Dealing with operational production issues was a departure from my application developer roots, but I looked at it as an opportunity to learn a new set of troubleshooting skills. It also offered an opportunity to improve communication skills: I would often convey to the team and customers what transpired during a downtime or performance degradation situation (VSSE: be transparent!). Some of what I observed I used to help us to improve the application, while other parts helped me to better understand how PostgreSQL works.
But I digress: let's drill into alerts on your Postgres database.
Note that just because an alert or alarm is going off, it does not mean you need to immediately react: for example, a transient network degradation issue may cause a replica to lag further behind a primary for a bit too long but will clear up when the degradation passes. That said, you typically want to investigate the alert to understand what is causing it.
Additionally, it's important to understand what actions you want to take to solve the problem. For example, a common mistake during an "out-of-disk" error is to delete the PostgreSQL WAL logs with a rm command; doing so can lead to a very bad day (and is also an advertisement for ensuring you have backups).
As mentioned in the post on setting up PostgreSQL monitoring in Kubernetes, the Postgres Operator uses pgMonitor for metric collection and visualization via open source projects like Prometheus and Grafana. pgMonitor uses open source Alertmanager for configuring and sending alerts, and is what the PostgreSQL Operator uses.
Using the above, let's dive into some of the items that you should be alerting on, and I will describe how my experience as an app developer translated into troubleshooting strategies.
"Is This Thing On?"
If you choose only one thing to alert on in your PostgreSQL cluster (and as I hope this article makes clear, you should alert on multiple things), it should be availability. If your application is unable to connect or transaction with your database, you're probably in for a bad day.
While it's easy to understand the question "can I connect to my database?", troubleshooting the issue can range from easy to Byzantine. For example, all of these are reasons why your PostgreSQL cluster could be unavailable:
- All of your instances are powered down
- The network is unreachable
- PostgreSQL is stuck in a crash loop
and many more, including some of the alerts we'll cover further on.
Sometimes, availability can be transient: in cloud environments, it's not uncommon that a blip in network connectivity can occur that can momentarily impact availability. You should set your availability alert threshold to a value high enough that will account for these anomalies, so you are only paged for real downtime events.

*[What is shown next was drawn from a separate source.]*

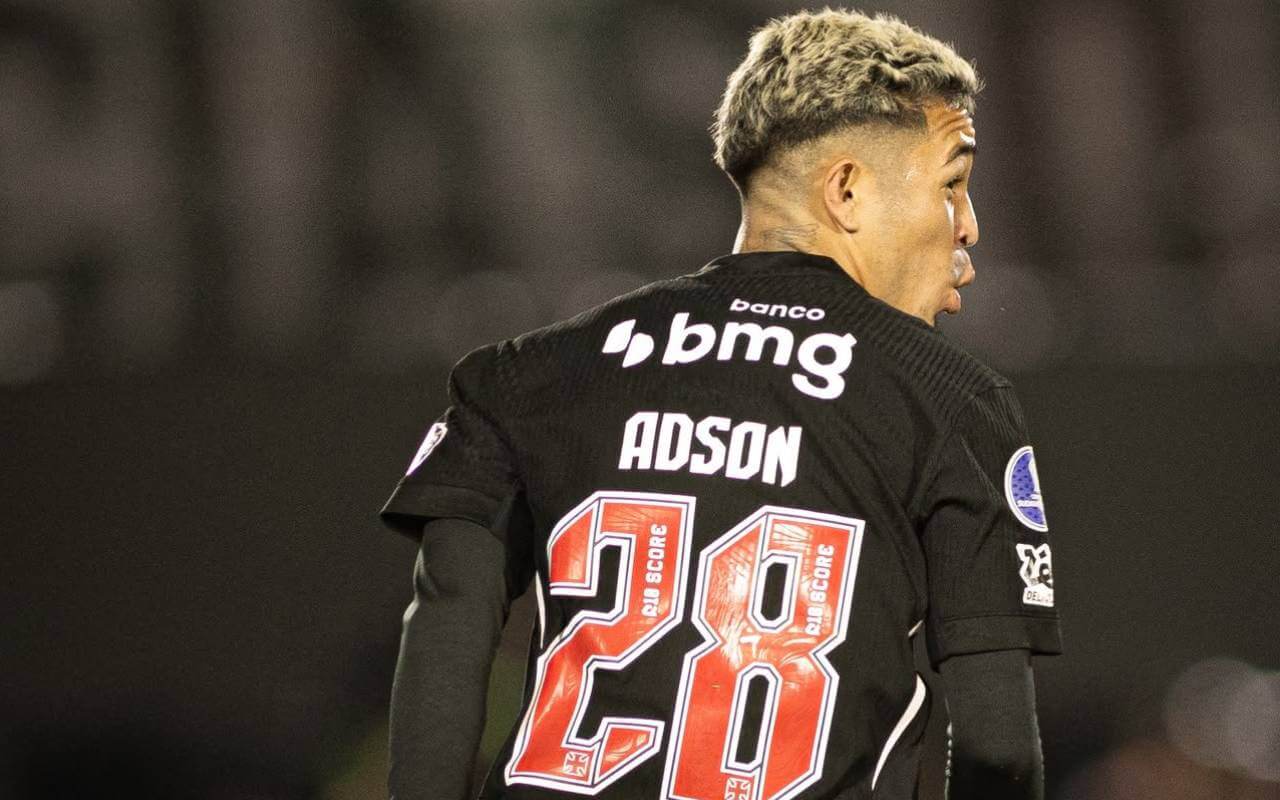 Adson em jogo contra o Olimpia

To troubleshoot, it helps to ask the following questions:
- Can I reach my PostgreSQL instance over the same network my application is using? If not, there could be a problem there.
- Is PostgreSQL on? If not, see if you can start it.
- Is PostgreSQL powering on but crashing? If it is crashing, check the PostgreSQL logs to see if you can determine what's failing.
PostgreSQL being unavailable could also be something that's application driven. For example, PostgreSQL enforces a max_connections parameter that will disallow any connections beyond that number (with some exceptions in newer releases). While PostgreSQL is still up, your application may not be able to connect if the max_connections number is exceeded.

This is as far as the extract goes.